1. Susan Smith sued the i'ailroad company, alleging that on the 12th of September, 1887, her minor son Eulton boarded the defendant’s train, and'while the train was running at considerable speed one of the employees of the defendant pushed him off' the train, and he fell on the track and a car-wheel ran over one of his legs, making him a cripple for life. This declaration was filed January 12, 1889. By an amendment which was allowed by the court April 8, 1890, the plaintiff *744alleged, in substance, that at the time of the injury, the child injured as above set forth, lived with her and now does so; that her husband, the father of the child, long before the injury, had failed to provide for him, and had deserted her and her children, and the abandonment still continued; that she had the entire care of the children, and by reason of their abandonment by her husband she was compelled to provide for them herself, and was therefore entitled to the custody of the injured child and the value of his services. The amendment sets out what his services were worth at the time of the injury, and what they would probably be worth up to the time of his becoming of age.

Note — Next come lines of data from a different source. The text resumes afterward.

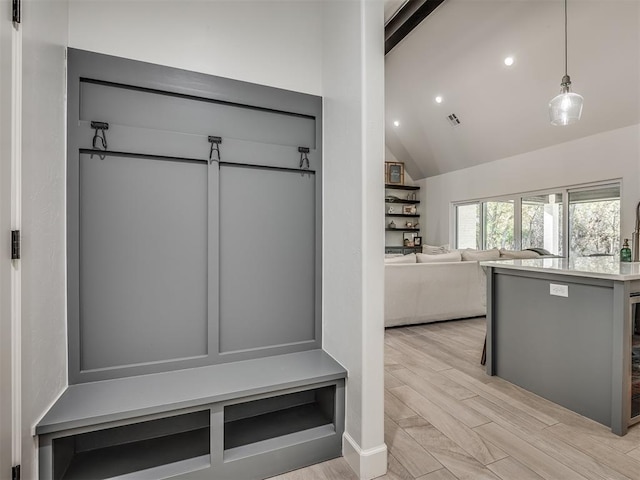 mudroom with high vaulted ceiling and light wood-type flooring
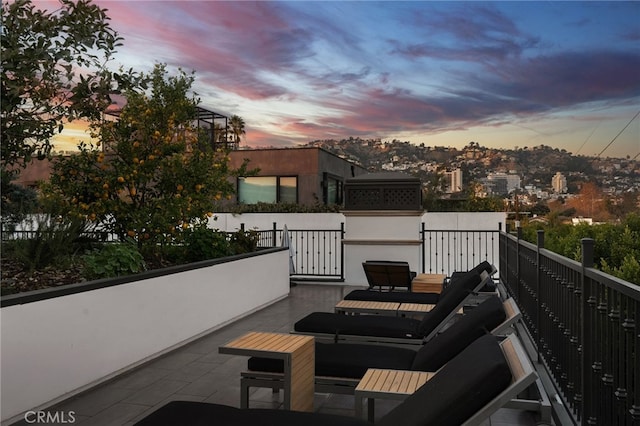 view of balcony at dusk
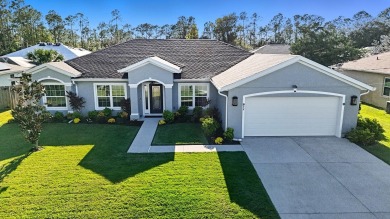 Immaculate Seagate-built Willow model located in the desirable on The Grand Club - Pine Lakes Course in Florida - for sale on GolfHomes.com, golf home, golf lot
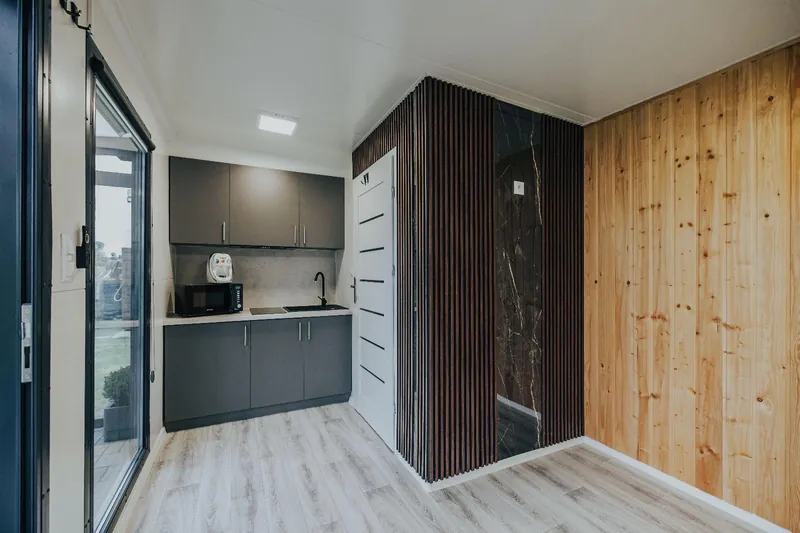 Interior with kitchen units and timber wall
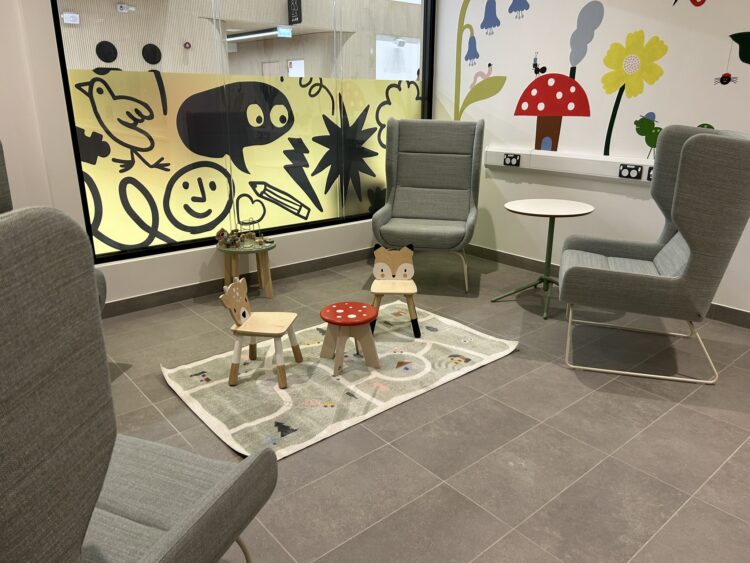 Stockroom in Stockport with bright and playful waiting area featuring modern grey lounge chairs, a children’s seating corner with animal-themed stools, and colourful wall graphics creating a welcoming family-friendly environment. Designed by AEW Architects.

Under this state of facts, we think the mother was entitled to the custody and services of the child, and if it was injured by the negligence or recklessness of an employee of the company, she would be entitled to recover, although her husband was still living. If a husband or father abandons his wife and children, and refuses or fails to maintain them, but leaves them to earn their own support, the mother becomes the head of the family, and is entitled to the custody of the children and to their earnings; and if by the negligence of another, one of the children is injured, we see no reason why the mother should not be entitled to recover the value of the services of the injured child. The husband’s abandonment of the children and his failure and refusal to support them is a voluntary relinquishment of his right to their custody and to their services. Section 1793 of the code declares that “until majority the child remains under control of the father, who is entitled to his services and the proceeds of his labor.” It declares also that “this parental power is lost . . by the failure of the father to provide necessaries for his child, or his abandonment of his family.” The amendment alleges both of these grounds.

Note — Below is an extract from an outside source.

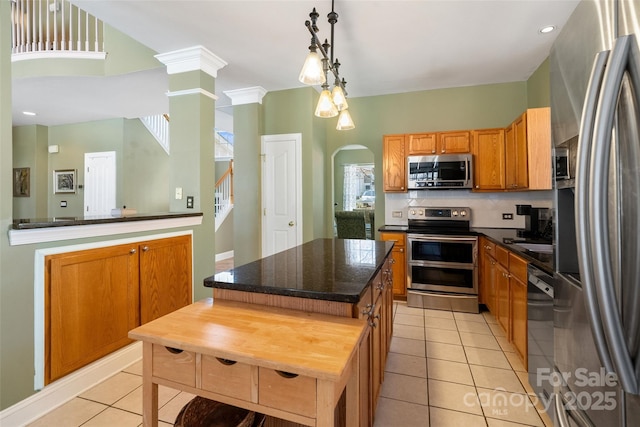 kitchen with a center island, pendant lighting, brown cabinets, stainless steel appliances, and light tile patterned flooring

*7452. It appears from the record that the original declaration was filed within the time prescribed by law for bringing such suits. After allowing the amendment, the court, at a subsequent térm, reconsidered its action, and passed an order striking the amendment; whereupon the plaintiff dismissed her action, and within six months thereafter brought another action, in which the same cause of action contained in the original declaration, as amended, was substantially set forth. It was contended by counsel for the defendant that no cause of action having been set forth in the original declaration, and the amendment having been stricken before the case was dismissed, no cause of action was left pending at the time of the dismissal, and therefore the,action could not be renewed under section 2932 of the code, which authorizes a renewal of an action within six months after a dismissal or nonsuit; that as no cause of action was pending at the time of the dismissal, there was nothing to renew, and the present declaration, being filed more than two years after the injury, was barred by the statute of limitations. This contention, in our opinion, was not sound. Although the original declaration did not set out a cause of action in the mother, yet when the amendment showing her right to recover was allowed, it made the declaration a good one in this respect, and became a part thereof, as much so as if the allegations in the amendment had been inserted in the declaration when it was first drawn and filed; and when the court at a subsequent term struck the amendment, and the plaintiff thereupon dismissed her action, she had at this term of the court a good cause of action, and if she renewed it by bringing another action setting forth the same cause of action contained in the original declaration as amended, the second action was a renewal of the first and was not barred by the statute of limitations, although filed more than two years after the cause of action accrued.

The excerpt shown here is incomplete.